Le proposte di Legambiente alla commissione Difesa
Servitù militari, ambiente e salute: gli ambientalisti portano i conflitti al Senato
Dal Salto di Quirra all’Alta Murgia, da Vicenza al Friuli, inquinamento e consumo di suolo
[4 Giugno 2014]
Giorgio Zampetti, responsabile scientifico di Legambiente, e Antonio Nicoletti, responsabile aree protette e biodiversità del Cigno Verde, sono stati ascoltati in Commissione difesa della Camera nell’ambito di una indagine conoscitiva sulle servitù militari. Legambiente è stata l’unica grande associazione ambientalista ad essere stata audita e Zampetti e Nicoletti hanno illustrato per punti le questioni centrali, evidenziando le diverse situazioni in giro per l’Italia dove servitù militari, ambiente e territorio entrano in conflitto.

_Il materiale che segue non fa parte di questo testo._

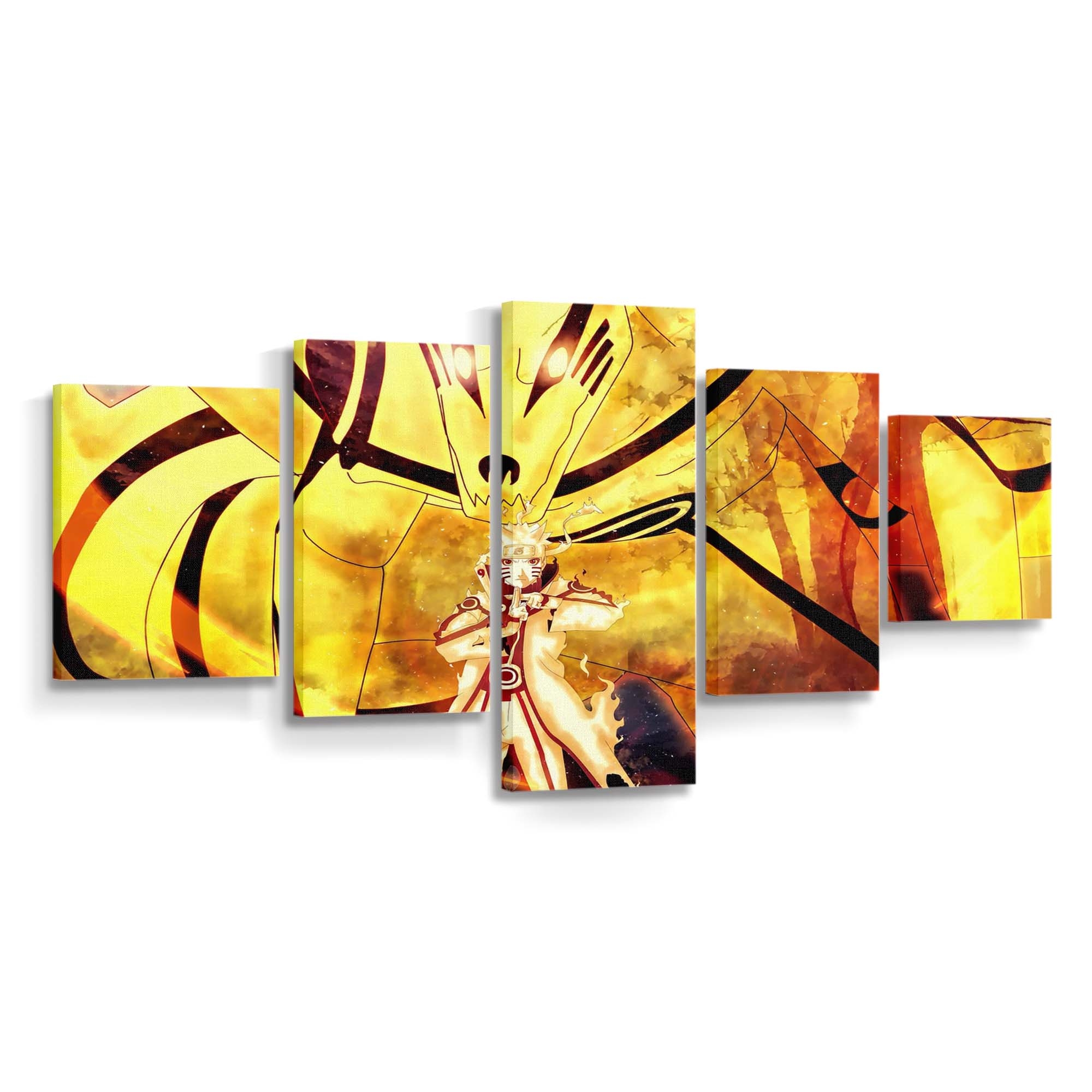 Anime Yellow Mythology Art Color - Anime Wandbild - Leinwandbild animeillustrationyellowmythologyartcolor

Nella nota depositata dagli ambientalisti si legge: «Il tema della servitù militari nel nostro Paese, è prioritario per la nostra associazione, per diversi motivi, a partire dall’interazione che ha con l’ambiente e il territorio. Un tema che vede in Italia tante situazioni da nord a sud che dimostrano come oggi sia più che mai urgente un intervento, oltre che conoscitivo, concreto ed efficace per una rapida soluzione a problemi estremamente rilevanti per la sicurezza, la tutela e lo sviluppo delle comunità che ospitano tali attività».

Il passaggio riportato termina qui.